Daniel Ek, CEO and cofounder of online music-streaming service Spotify, has 750,000 paying subscribers, up from 320,000 in March. It now has more subscribers than any other similar service in the world, he said.
What he doesn’t have: A firm date on when the European startup will launch in the U.S.
Spotify had previously said it planned to launch by the third quarter of 2010. Then it said it would launch by the end of this year. In an interview at the D: Dive Into Mobile conference, AllThingsD media reporter Peter Kafka pointed out that it’s December 7, and pressed Ek on whether the company would stick to the 2010 plan. (That’s Kafka, left, interviewing Ek, right, in the photo above.)

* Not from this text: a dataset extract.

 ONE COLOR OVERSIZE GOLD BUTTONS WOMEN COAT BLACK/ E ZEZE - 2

“I won’t commit to a specific date,” said Ek. “It just takes time” to negotiate contracts, he said at a later point in the interview.

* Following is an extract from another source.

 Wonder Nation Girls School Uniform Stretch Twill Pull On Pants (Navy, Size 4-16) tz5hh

His cause likely has not been helped by the involvement of early Napster employee Sean Parker, now an investor in Spotify through the Founders Fund venture-capital firm. Parker recently said that Spotify would “finish what [Napster] started” in pushing the music industry to provide its wares online.
Spotify’s subscribers in Europe, where it succeeded in obtaining rights from record labels to stream music at economically favorable rates, pay 10 euros (US$13) a month for unlimited access to Spotify’s library. But users can also stream a limited number of hours of music a month for free.
“Most people in the world do not pay for music today,” said Ek, pointing to countries like China. “The music industry should be worth a lot more” than the $15 billion it is today, implying that if it embraced services like Spotify, it would increase its value.
“There’s no reason why music can’t be more popular than photos online,” said Ek.
If that’s his argument, it’s taking longer than expected to win the labels over to his point of view.